◆ **EXERCISE INSTRUCTIONS**
Leaving out every picture, please repeat exactly the line that contains "Property at 1506" and each line after it through the final line below.

◆ **EXTRACTED MATERIAL**
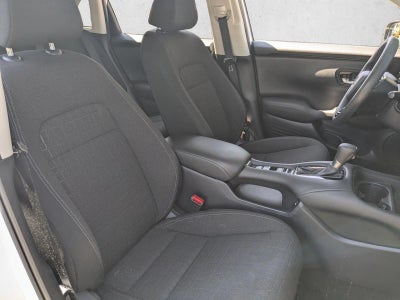 2024 Honda HR-V LX AWD CVT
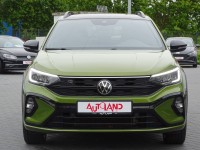 VW Taigo 1.5 TSI DSG R-Line BlackStyle
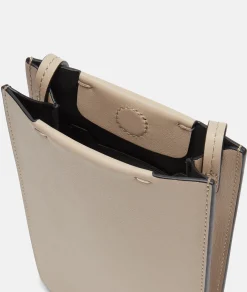 Hot LIEBESKIND BERLIN Ezra Mobile Pouch beige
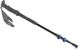 Треккинговые палки Pinguin Carbon FL Foam 2021 PNG 809152 Carbon/Blue (8592638809152) - изображение 2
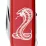 Складаний ніж Victorinox HUNTSMAN ZODIAC Могутня кобра 1.3713.Z4340u - 1 - Robinzon.ua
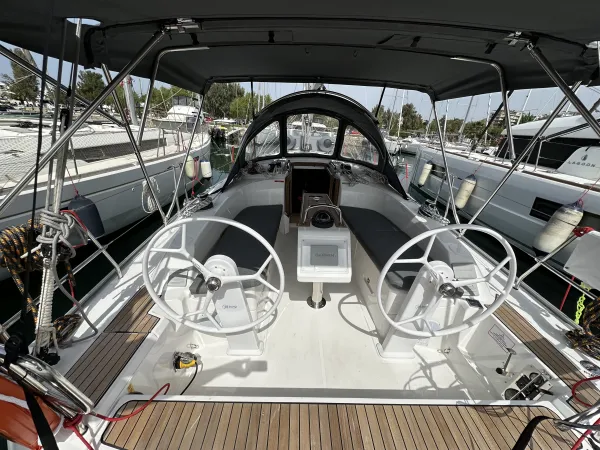 S/Y Eliza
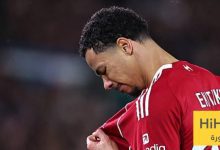 رسالة ايكيتيكي للاعبي ليفربول - هاي كورة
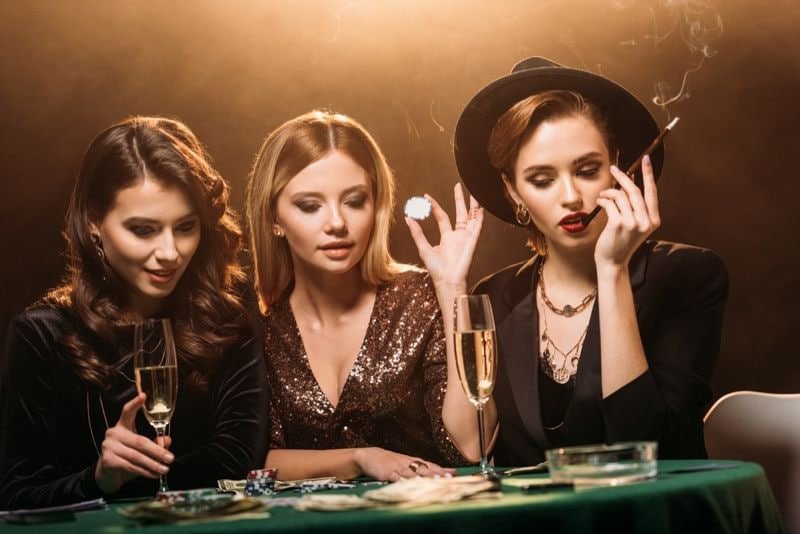 h5winbox Live Casino
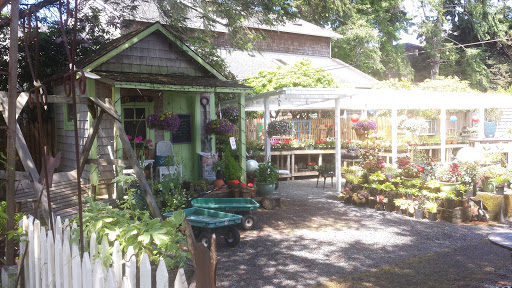 Florist «The Natural Nook Flower Shop», reviews and photos, 738 Pacific Way, Gearhart, OR 97138, USA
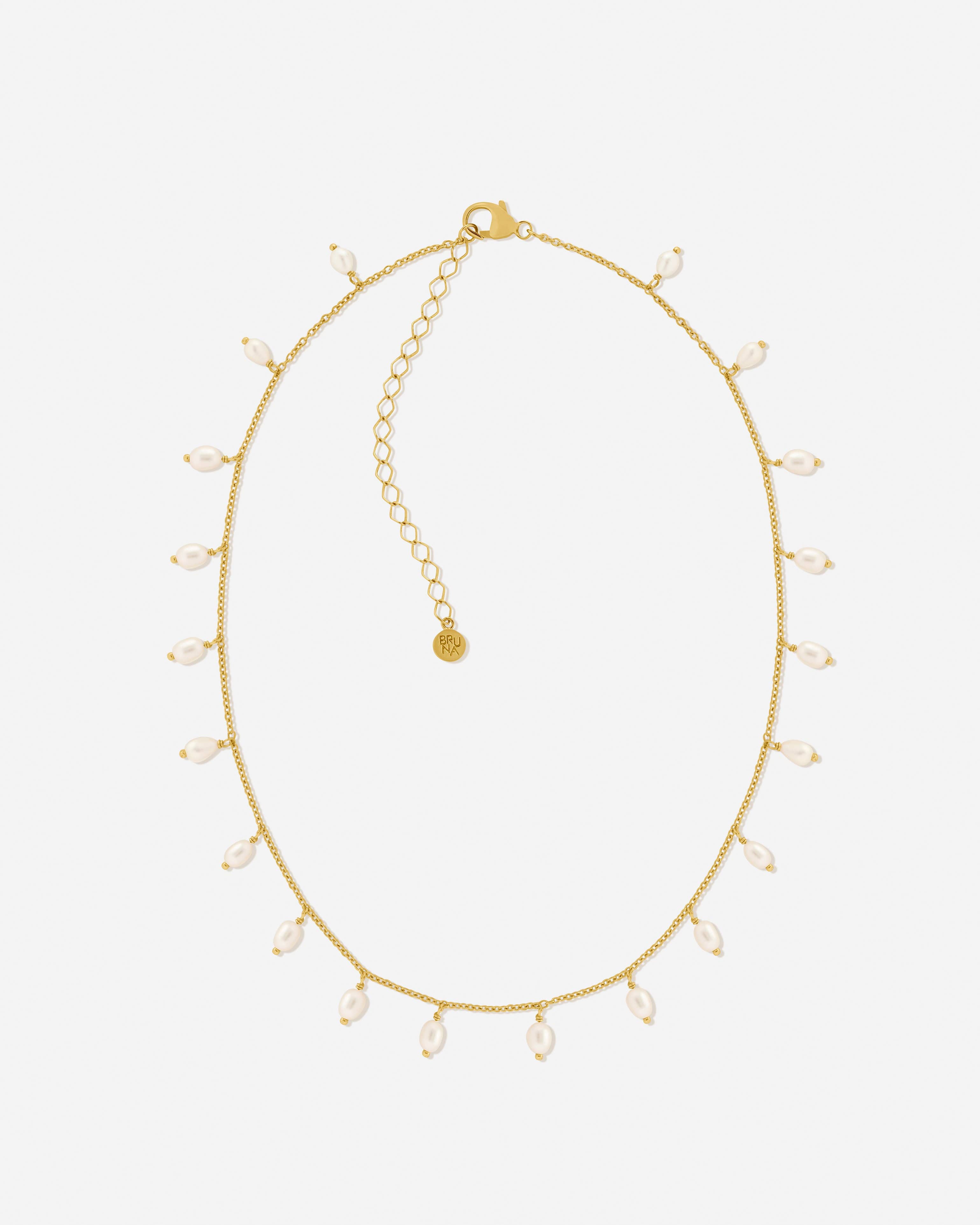 18k Gold Vermeil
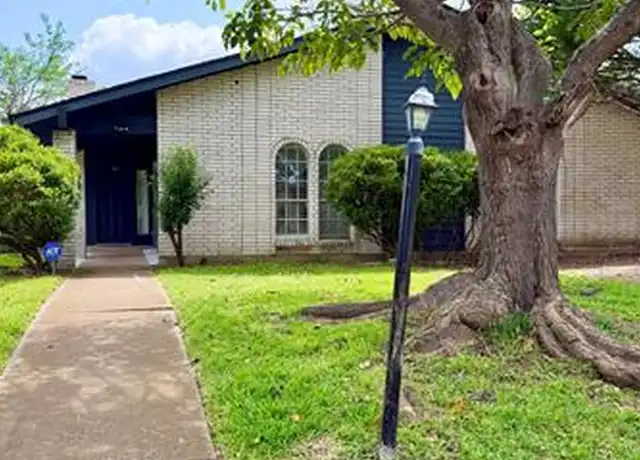 Property at 1506 Hindsdale Dr, Richardson, TX, 75081, 4 beds, 2 baths, [object Object]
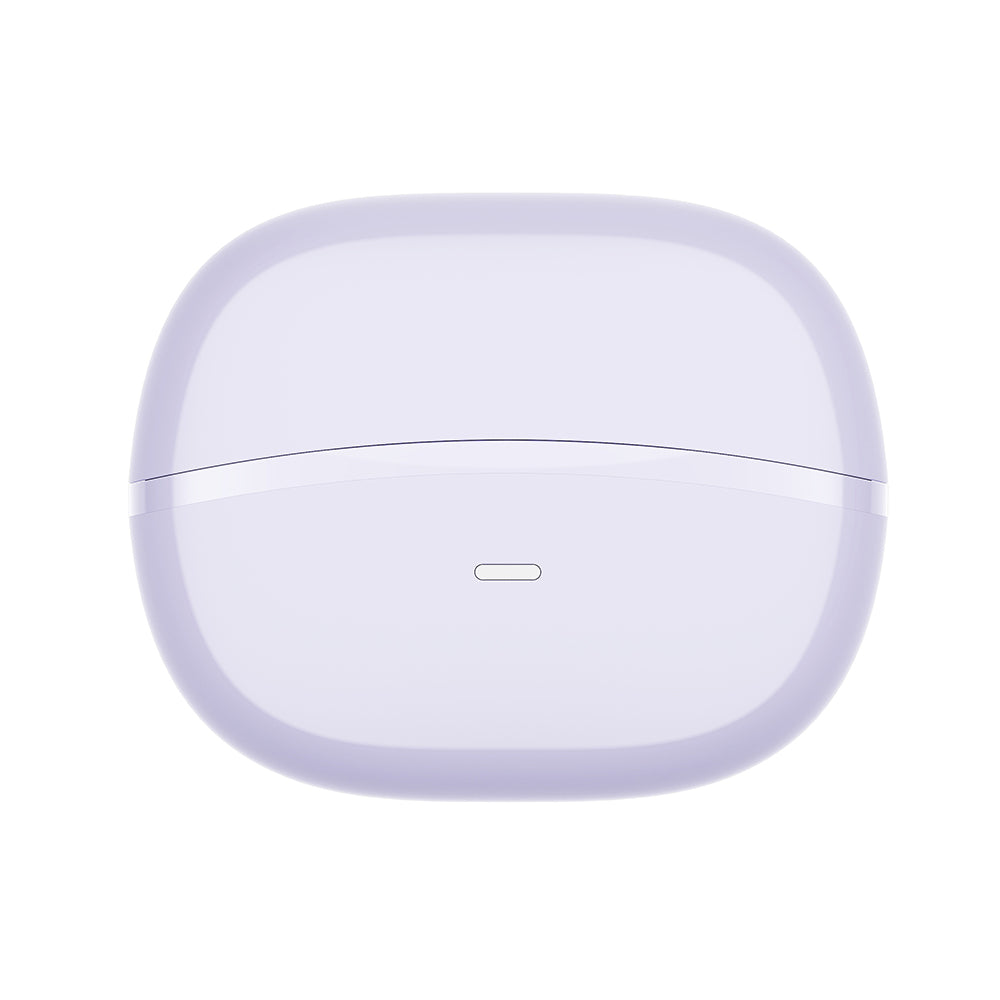 Handsfree Bluetooth HAVIT OWS916 Lite, TWS, Fialová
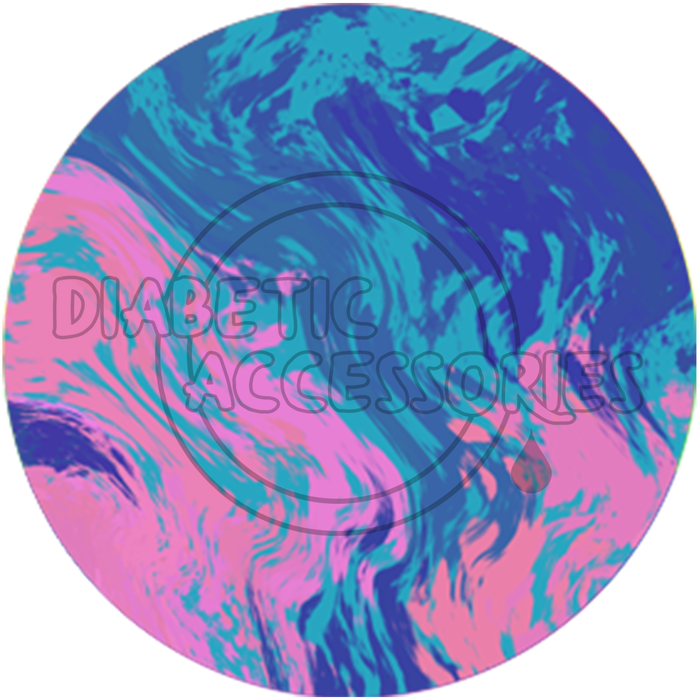 Freestyle Libre Overlay Plasters - Image 9
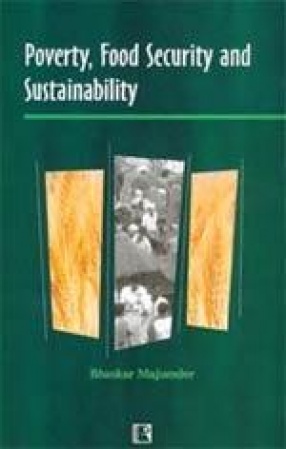 Poverty, Food Security and Sustainability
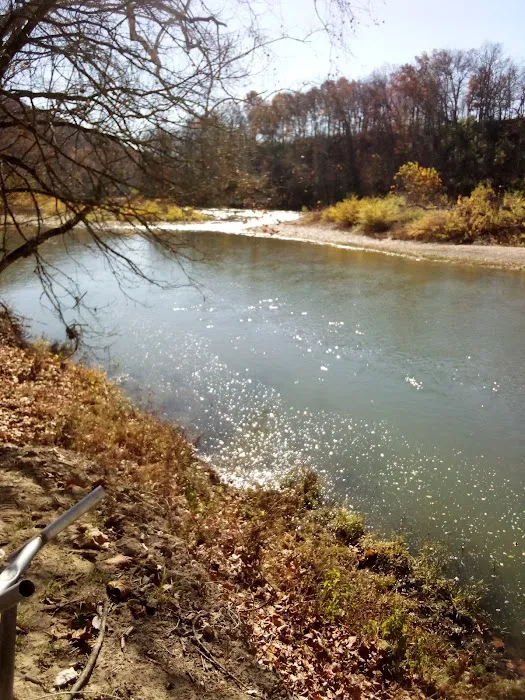 Cotton Wood Camp Grounds Picture 6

◆ **RESULT**
 Property at 1506 Hindsdale Dr, Richardson, TX, 75081, 4 beds, 2 baths, [object Object]
 Handsfree Bluetooth HAVIT OWS916 Lite, TWS, Fialová
 Freestyle Libre Overlay Plasters - Image 9
 Poverty, Food Security and Sustainability
 Cotton Wood Camp Grounds Picture 6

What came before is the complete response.